Write out each line exactly, starting with the one containing "Attached sitting room/ sun room" and stopping after the last line of the listing below.

• **INPUT MATERIAL**

========

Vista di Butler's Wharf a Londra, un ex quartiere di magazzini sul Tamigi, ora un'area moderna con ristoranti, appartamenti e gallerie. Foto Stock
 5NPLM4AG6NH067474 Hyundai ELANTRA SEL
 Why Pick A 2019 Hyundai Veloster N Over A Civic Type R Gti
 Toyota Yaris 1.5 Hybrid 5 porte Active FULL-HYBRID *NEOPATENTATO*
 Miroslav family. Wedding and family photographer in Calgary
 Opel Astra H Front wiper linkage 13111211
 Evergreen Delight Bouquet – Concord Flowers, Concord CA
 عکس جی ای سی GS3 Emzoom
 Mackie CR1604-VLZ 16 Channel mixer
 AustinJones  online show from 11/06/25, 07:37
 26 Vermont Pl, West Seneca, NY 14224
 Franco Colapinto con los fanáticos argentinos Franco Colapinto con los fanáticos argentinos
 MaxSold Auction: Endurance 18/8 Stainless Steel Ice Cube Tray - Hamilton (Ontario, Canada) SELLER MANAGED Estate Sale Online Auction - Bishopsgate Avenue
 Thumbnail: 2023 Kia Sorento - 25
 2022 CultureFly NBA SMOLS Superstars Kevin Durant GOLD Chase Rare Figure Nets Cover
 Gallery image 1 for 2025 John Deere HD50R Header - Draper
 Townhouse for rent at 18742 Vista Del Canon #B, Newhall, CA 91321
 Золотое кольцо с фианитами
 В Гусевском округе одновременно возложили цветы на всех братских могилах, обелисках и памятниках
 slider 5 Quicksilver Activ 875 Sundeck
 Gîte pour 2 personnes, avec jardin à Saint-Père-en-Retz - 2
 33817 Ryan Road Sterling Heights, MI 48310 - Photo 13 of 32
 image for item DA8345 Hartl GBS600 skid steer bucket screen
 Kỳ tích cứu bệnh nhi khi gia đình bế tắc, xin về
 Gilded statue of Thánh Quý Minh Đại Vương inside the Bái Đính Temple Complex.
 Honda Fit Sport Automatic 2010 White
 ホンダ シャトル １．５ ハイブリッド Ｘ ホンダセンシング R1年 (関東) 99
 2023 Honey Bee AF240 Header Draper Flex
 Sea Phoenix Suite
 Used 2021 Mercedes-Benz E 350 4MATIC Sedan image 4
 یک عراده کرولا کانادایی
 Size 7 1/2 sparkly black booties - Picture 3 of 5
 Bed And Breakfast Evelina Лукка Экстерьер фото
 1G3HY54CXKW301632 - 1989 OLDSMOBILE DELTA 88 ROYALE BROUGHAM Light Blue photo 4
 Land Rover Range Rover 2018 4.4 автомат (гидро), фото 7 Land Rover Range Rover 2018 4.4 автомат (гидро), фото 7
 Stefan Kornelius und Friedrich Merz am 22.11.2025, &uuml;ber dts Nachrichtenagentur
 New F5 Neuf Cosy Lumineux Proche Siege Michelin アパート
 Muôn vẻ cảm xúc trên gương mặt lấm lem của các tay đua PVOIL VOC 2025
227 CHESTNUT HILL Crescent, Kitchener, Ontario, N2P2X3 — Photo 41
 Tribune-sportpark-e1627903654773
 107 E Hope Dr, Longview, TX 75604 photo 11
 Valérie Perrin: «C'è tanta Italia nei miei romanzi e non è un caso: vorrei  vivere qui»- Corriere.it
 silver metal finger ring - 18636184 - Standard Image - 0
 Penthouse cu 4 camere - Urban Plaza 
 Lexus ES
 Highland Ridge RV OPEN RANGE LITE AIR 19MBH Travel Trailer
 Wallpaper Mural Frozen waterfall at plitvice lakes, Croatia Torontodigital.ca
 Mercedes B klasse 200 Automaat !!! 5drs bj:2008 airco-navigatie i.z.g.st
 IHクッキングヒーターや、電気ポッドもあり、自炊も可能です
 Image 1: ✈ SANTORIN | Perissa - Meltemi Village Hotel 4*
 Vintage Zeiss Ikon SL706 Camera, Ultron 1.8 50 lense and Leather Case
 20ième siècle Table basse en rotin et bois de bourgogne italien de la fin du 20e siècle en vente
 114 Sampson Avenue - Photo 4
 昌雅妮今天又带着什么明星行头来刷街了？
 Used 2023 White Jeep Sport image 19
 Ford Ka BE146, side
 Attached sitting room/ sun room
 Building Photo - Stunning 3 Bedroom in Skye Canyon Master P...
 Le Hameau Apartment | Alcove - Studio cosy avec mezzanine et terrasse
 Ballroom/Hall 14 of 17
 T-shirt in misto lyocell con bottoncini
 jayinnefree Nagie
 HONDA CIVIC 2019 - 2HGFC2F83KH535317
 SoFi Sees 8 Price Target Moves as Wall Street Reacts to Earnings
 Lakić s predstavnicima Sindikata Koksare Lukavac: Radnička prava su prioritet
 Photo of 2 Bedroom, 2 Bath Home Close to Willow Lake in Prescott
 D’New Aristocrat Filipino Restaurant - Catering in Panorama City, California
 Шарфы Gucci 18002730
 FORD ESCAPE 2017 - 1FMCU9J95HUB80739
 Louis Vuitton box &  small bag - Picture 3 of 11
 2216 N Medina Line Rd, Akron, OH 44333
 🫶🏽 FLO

========

• **RESPONSE AREA**
 Attached sitting room/ sun room
 Building Photo - Stunning 3 Bedroom in Skye Canyon Master P...
 Le Hameau Apartment | Alcove - Studio cosy avec mezzanine et terrasse
 Ballroom/Hall 14 of 17
 T-shirt in misto lyocell con bottoncini
 jayinnefree Nagie
 HONDA CIVIC 2019 - 2HGFC2F83KH535317
 SoFi Sees 8 Price Target Moves as Wall Street Reacts to Earnings
 Lakić s predstavnicima Sindikata Koksare Lukavac: Radnička prava su prioritet
 Photo of 2 Bedroom, 2 Bath Home Close to Willow Lake in Prescott
 D’New Aristocrat Filipino Restaurant - Catering in Panorama City, California
 Шарфы Gucci 18002730
 FORD ESCAPE 2017 - 1FMCU9J95HUB80739
 Louis Vuitton box &  small bag - Picture 3 of 11
 2216 N Medina Line Rd, Akron, OH 44333
 🫶🏽 FLO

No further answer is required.